Citant de multiples exemples, du Le journal d’un curé de campagne, au Procès, en passant par Le mépris, Pierre Mertens décline les diverses relations résultant du passage d’une œuvre à l’autre. Il décrit ainsi le relais qui mène parfois aux « Belles infidèles », dont Mort à Venise semble être le parangon.

Loin de la question de l’adaptation, Sébastien Fevry remonte aux origines du cinéma pour relire les textes de Rimbaud à la lumière de la lanterne magique. Il retrace une « optico-biographie » du poète visant à replacer l’œuvre dans son contexte historique et « la sensibilité visuelle » qu’il implique.  

À celui de relais, François Emmanuel préfère le terme « translation » qu’il emprunte à la « langue d’Hollywood » et à Sofia Coppola. Partant de la transposition à l’écran (réussie, précise-t-il) de son livre La question humaine, il remarque que quelque chose se perd dans la translation, le passage du livre au film impliquant nécessairement un « déplacement de figure ».

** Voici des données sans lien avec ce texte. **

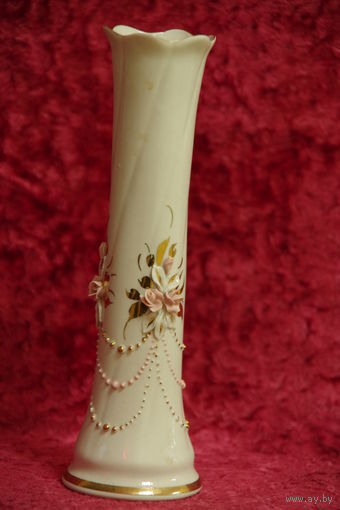 Ваза ( вазочка)  фарфоровая  19,5 см    целая
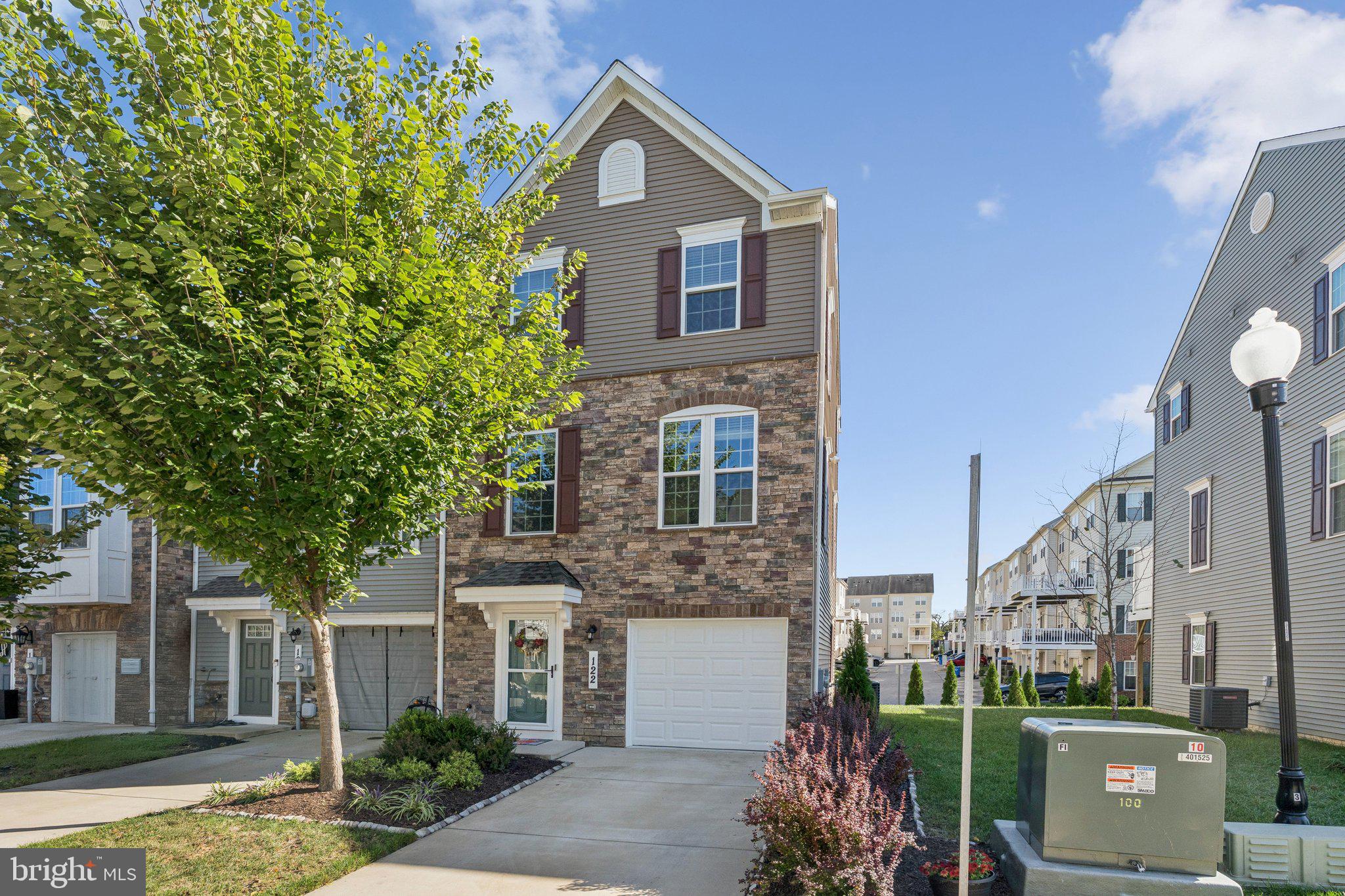 ANCHOR POINT - Residential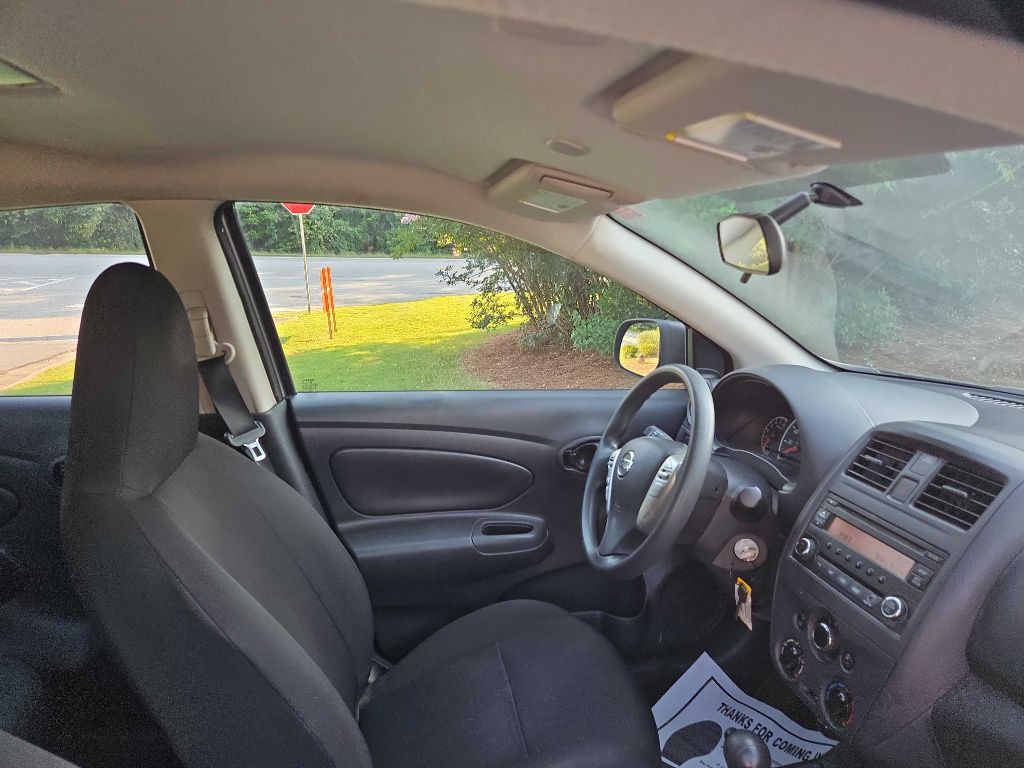 2015 Nissan Versa Image 11
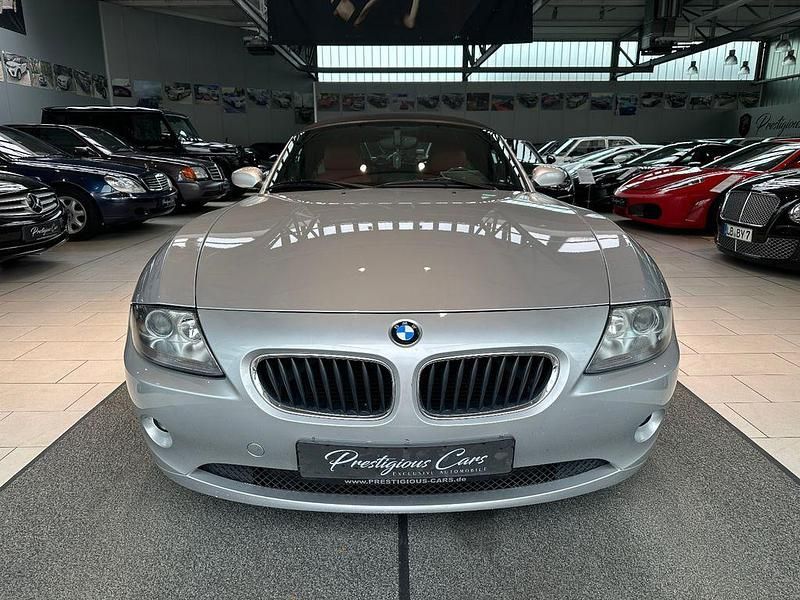 Silber Gebraucht 2003 BMW Z4 Sport Line Cabrio | 10.949 € (Fairer Preis) - Bild 1/4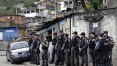 Suspeito morre após tiroteio com policiais em complexo de favelas no Rio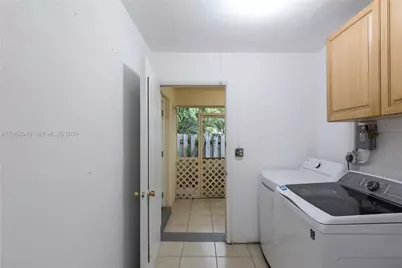 129 SE 4th Street #2, Hallandale Beach, FL 33009 - Photo 11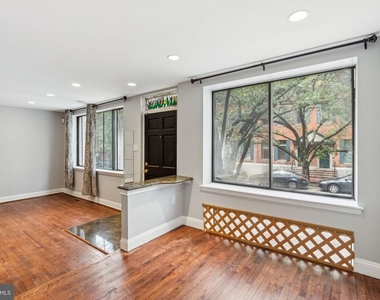 2028 Arch Street - Photo Thumbnail 1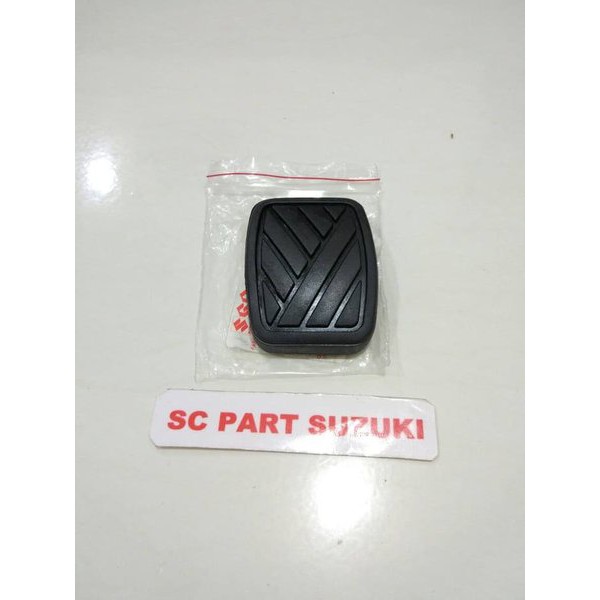 Kipuco Sparepart Karet pedal kopling dan rem suzuki jimny Kipuco Sparepart Karet pedal kopling dan rem suzuki jimny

Il est, entre autres, question d’adaptation dans le cinéma français d’après-guerre, présenté par Benoit Denis comme « refuge de la droite littéraire ». Montherlant, Morand et Drieu La Rochelle notamment, alors mis au ban par la Résistance, constituent une source d’inspiration majeure pour le cinéma de l’époque, qu’il soit populaire ou associé à la Nouvelle Vague. Communément opposés, Audiard et Truffaut puisent pourtant tous deux dans le discours de la droite littéraire. Ce ne sera qu’à la fin de la guerre d’Algérie, précise Benoit Denis, que le clivage gauche-droite entre ces deux courants cinématographiques se marquera.

C’est de « traduction » ou d’« interprétation » que Jean-Baptiste Baronian choisit de parler pour évoquer L’aîné de Ferchaux. Selon lui, la relecture du singulier roman de Simenon par Melville déterminerait la qualité du film plus que la fidélité à l’œuvre originale.

Préférant l’angle de la réécriture à celui de la relecture, Dick Tomasovic se concentre sur L’assassin habite au 21 de Steeman. Il constate le « double travail de déplacement » effectué par Clouzot : changement de lieu d’abord (de Londres à Paris), de focalisation ensuite (traduit par les mouvements de la caméra subjective).

Adaptations, relectures, réécritures et collaborations, les mots ne manquent pas pour décrire le cinéma de Marguerite Duras. Depuis la première adaptation d’Un barrage contre le Pacifique par René Clément jusqu’à ses propres réalisations (Le camion, India Song, L’homme Atlantique, etc.) en passant par sa collaboration avec Alain Resnais. Danielle Bajomée évoque un cinéma parfois expérimental et toujours attentif « aux silences, aux rythmes, aux pouvoirs de la voix ».

Invité à exprimer son point de vue en tant que réalisateur, Frédéric Fonteyne parle de son rapport au cinéma et à la littérature : « J’ai besoin de la littérature, j’en ai toujours eu besoin. La littérature est toujours un endroit où je retourne pour travailler… ». Il revient sur son adaptation de La femme de Gilles de Madeleine Bourdouxhe et remarque la différence irréductible « entre ce qui est dit et ce qui est montré ».

Éric Rohmer, dont les débuts de carrière furent consacrés à l’écriture, retient l’attention de Patrick Werly. Le genou de Claire occupe une place particulière dans sa très littéraire œuvre cinématographique, puisque s’y trouve développée une réflexion sur l’art du récit et « l’éthique de l’écrivain et de l’artiste. »

Enfin, Adolphe Nysenholc aborde le cinéma de « l’irreprésentable », qui correspondrait à la littérature de l’indicible. Il se concentre sur Nuit et brouillard, Holocaust, Shoah et La liste de Schindler, quatre œuvres cinématographiques très différentes dont les réalisateurs ont pour point commun d’être « aculés à la litote ».

L’histoire des liens entre littérature et cinéma remonte aux prémices du septième art. Cette première séance de l’Académie de langue et littérature françaises de Belgique consacrée au sujet nous rappelle qu’outre le fait qu’elle est néanmoins loin d’être terminée, elle constitue également un sujet de réflexion inépuisable et passionnant.